EXERCISE OBJECTIVE:
Somewhere below is a line with "Vintage Gold tone Green 3 Layered Necklace" and, later, a line with "Commode 3 Tiroirs 1 Niche Victor - Blanc Et Chêne 4"; repeat those two lines and all the lines between them, exactly as they are.

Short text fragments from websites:
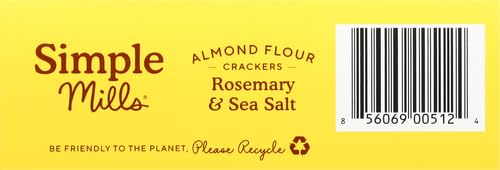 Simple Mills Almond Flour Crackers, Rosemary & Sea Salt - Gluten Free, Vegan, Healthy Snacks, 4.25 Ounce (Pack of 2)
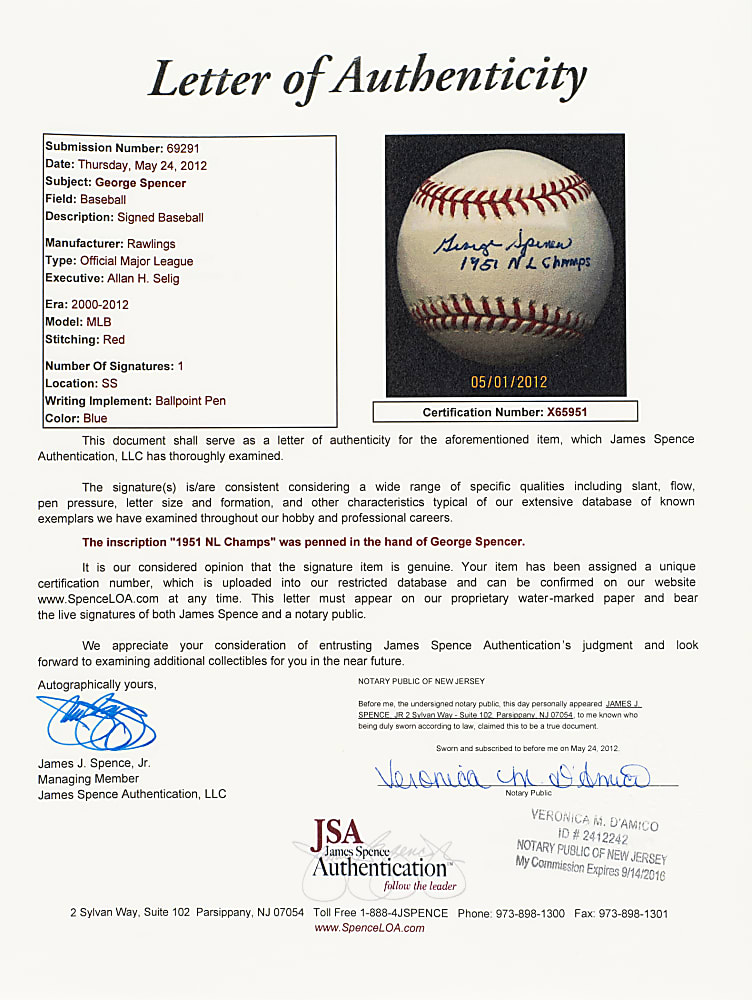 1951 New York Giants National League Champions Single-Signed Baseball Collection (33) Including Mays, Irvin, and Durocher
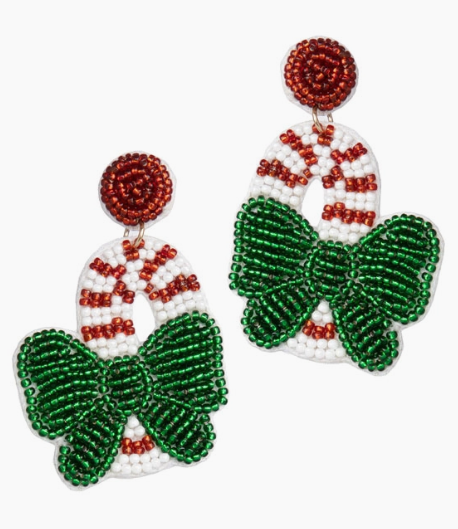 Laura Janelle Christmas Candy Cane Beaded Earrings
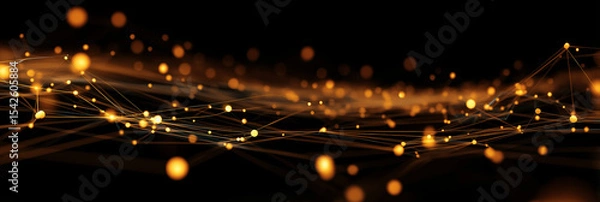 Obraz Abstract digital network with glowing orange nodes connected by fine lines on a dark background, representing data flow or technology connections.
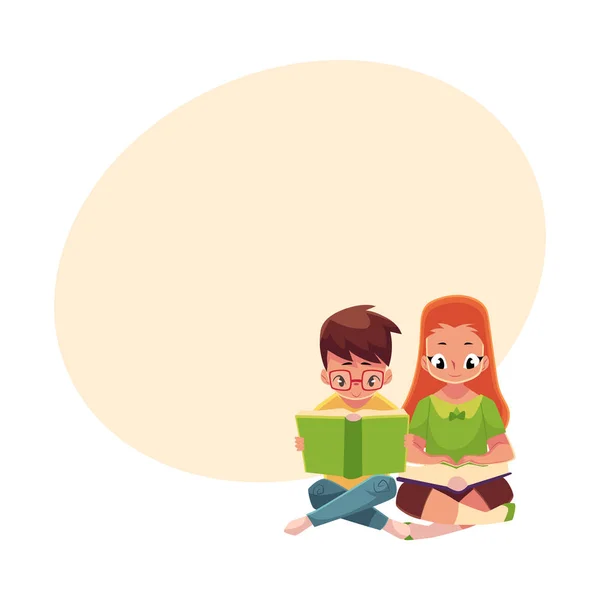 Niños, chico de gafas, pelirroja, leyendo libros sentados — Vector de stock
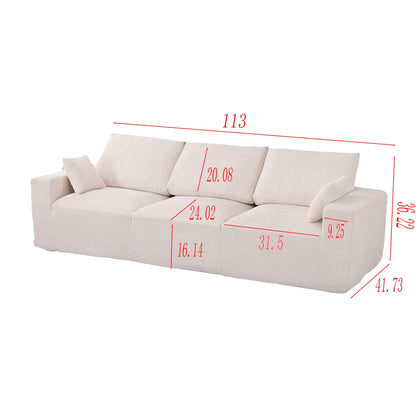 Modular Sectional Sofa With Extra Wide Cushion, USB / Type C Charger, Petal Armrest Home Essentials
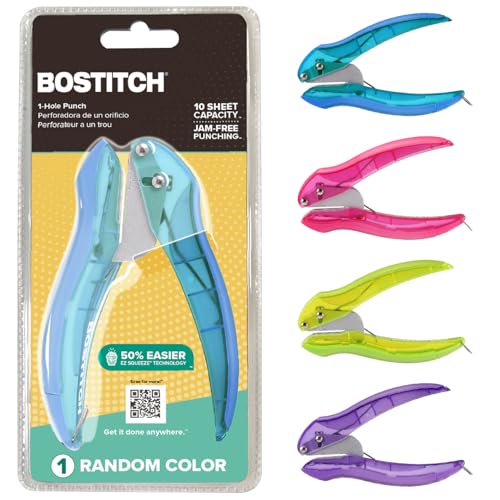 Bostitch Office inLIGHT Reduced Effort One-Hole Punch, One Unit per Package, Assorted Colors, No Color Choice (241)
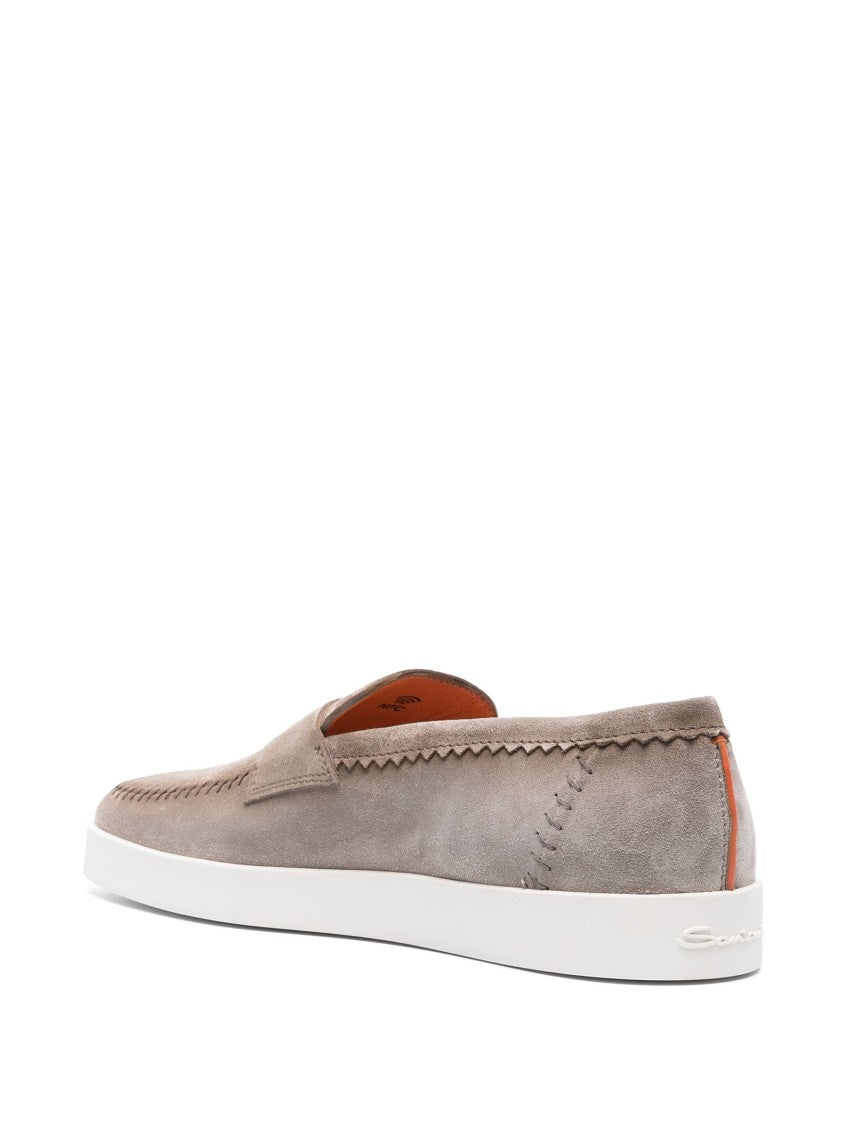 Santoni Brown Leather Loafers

...

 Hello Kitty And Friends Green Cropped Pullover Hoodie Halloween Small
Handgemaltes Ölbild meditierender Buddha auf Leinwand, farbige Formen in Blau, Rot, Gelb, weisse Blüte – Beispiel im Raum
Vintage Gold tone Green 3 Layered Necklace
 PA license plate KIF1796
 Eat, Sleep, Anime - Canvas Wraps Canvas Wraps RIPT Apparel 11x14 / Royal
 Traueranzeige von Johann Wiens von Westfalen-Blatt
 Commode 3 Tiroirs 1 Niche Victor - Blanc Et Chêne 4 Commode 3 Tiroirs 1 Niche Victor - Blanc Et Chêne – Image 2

TASK SOLUTION:
Vintage Gold tone Green 3 Layered Necklace
 PA license plate KIF1796
 Eat, Sleep, Anime - Canvas Wraps Canvas Wraps RIPT Apparel 11x14 / Royal
 Traueranzeige von Johann Wiens von Westfalen-Blatt
 Commode 3 Tiroirs 1 Niche Victor - Blanc Et Chêne 4 Commode 3 Tiroirs 1 Niche Victor - Blanc Et Chêne – Image 2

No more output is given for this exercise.